Output only the stretch of the listing that starts at the line containing "Cross-sectional view of" and ends at the line containing "Members of the", reproduced exactly with both ends.

▶ **RECORDS FOR THIS TASK**
┌──

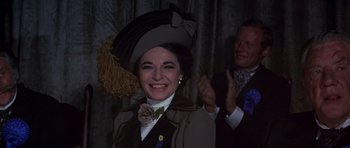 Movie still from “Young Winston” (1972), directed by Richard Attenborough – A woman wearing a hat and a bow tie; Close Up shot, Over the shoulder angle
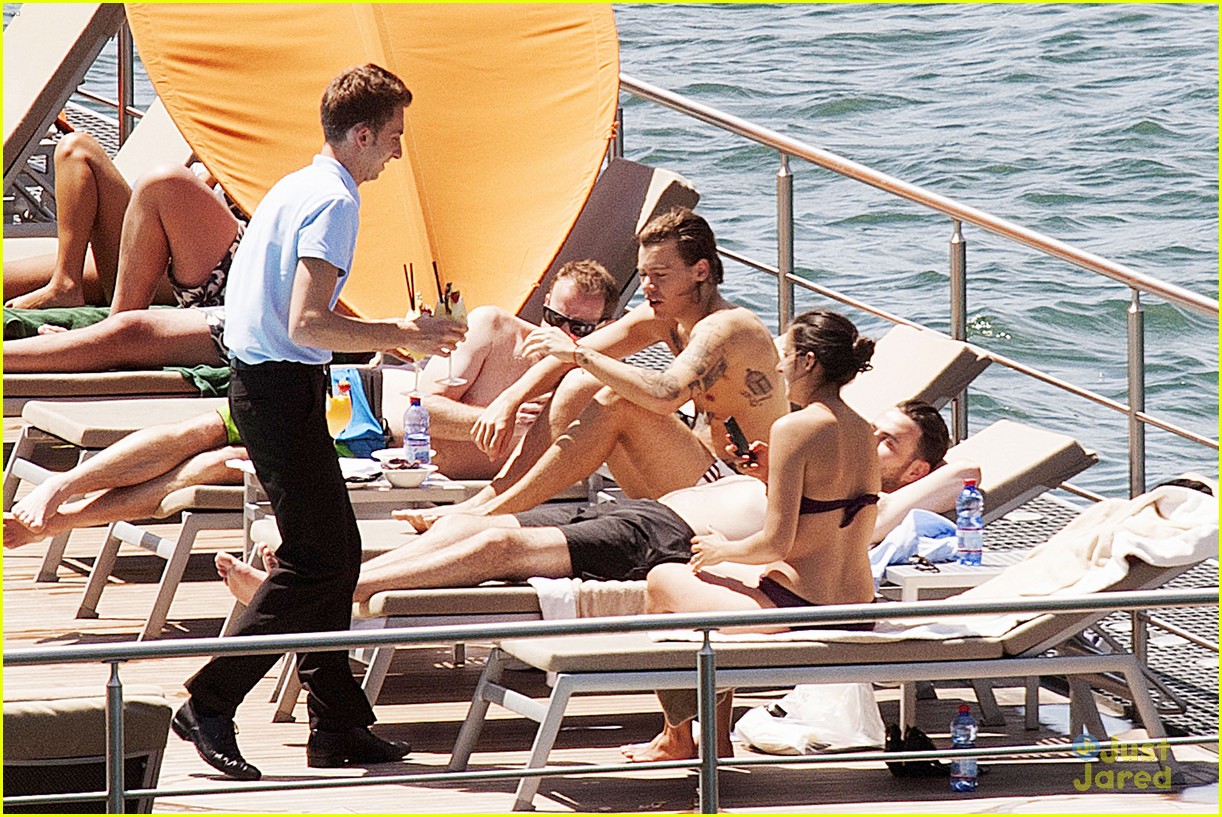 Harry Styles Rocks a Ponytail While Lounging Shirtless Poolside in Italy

└──
┌──

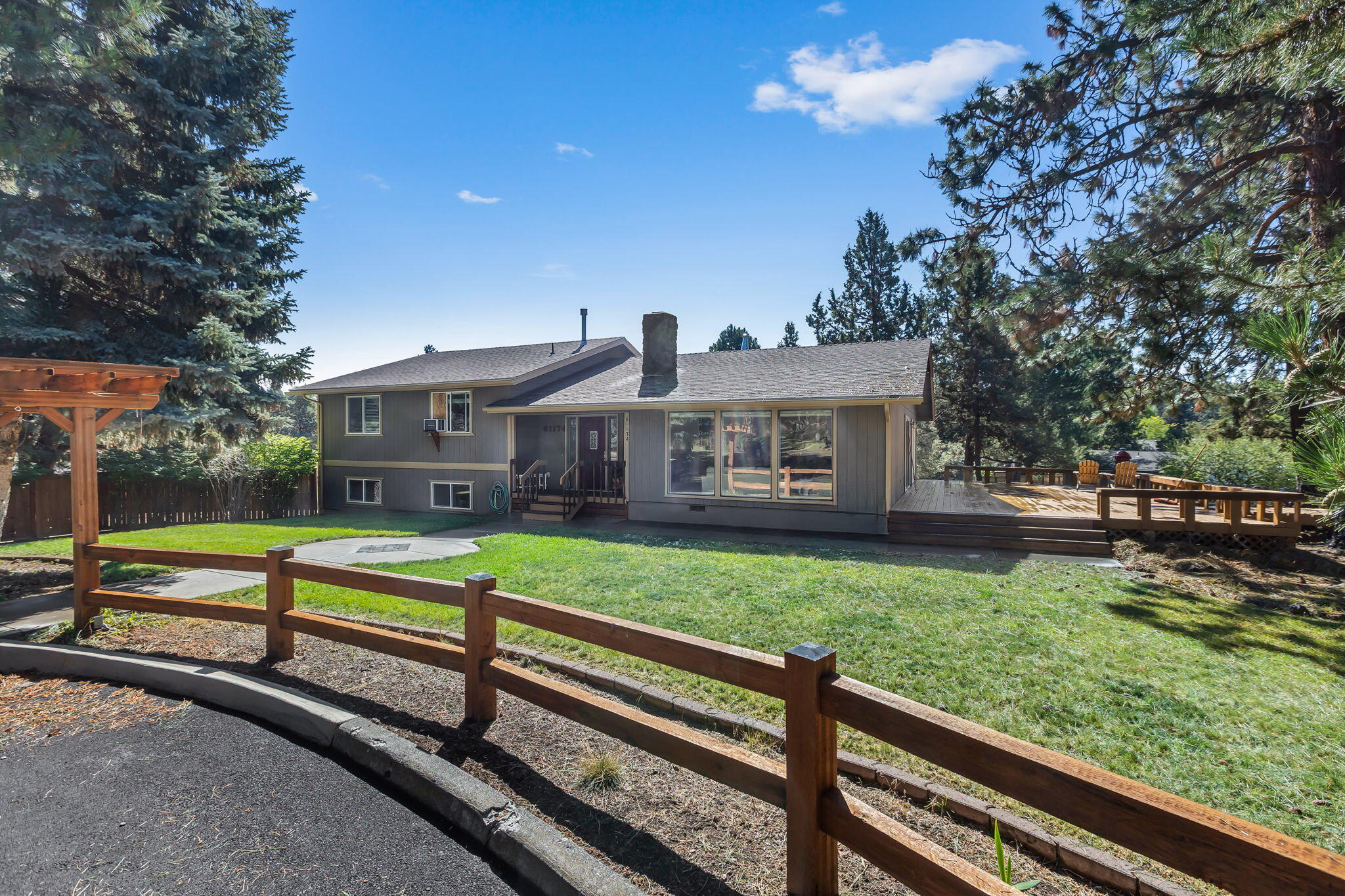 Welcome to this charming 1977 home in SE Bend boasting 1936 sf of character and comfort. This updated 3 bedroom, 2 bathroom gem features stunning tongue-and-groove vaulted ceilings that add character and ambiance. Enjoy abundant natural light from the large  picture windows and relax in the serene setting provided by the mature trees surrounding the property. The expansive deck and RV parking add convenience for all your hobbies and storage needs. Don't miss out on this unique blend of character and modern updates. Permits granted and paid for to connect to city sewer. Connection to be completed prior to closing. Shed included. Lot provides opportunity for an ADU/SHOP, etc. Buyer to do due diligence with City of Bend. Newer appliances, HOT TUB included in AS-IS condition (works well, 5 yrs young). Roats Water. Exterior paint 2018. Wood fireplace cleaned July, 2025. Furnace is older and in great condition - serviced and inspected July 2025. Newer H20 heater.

└──
┌──

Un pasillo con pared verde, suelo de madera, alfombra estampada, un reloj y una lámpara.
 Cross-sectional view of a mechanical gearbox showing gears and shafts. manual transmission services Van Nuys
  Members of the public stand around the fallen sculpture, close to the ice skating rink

└──

▶ **RESULT BELOW**
 Cross-sectional view of a mechanical gearbox showing gears and shafts. manual transmission services Van Nuys
  Members of the public stand around the fallen sculpture, close to the ice skating rink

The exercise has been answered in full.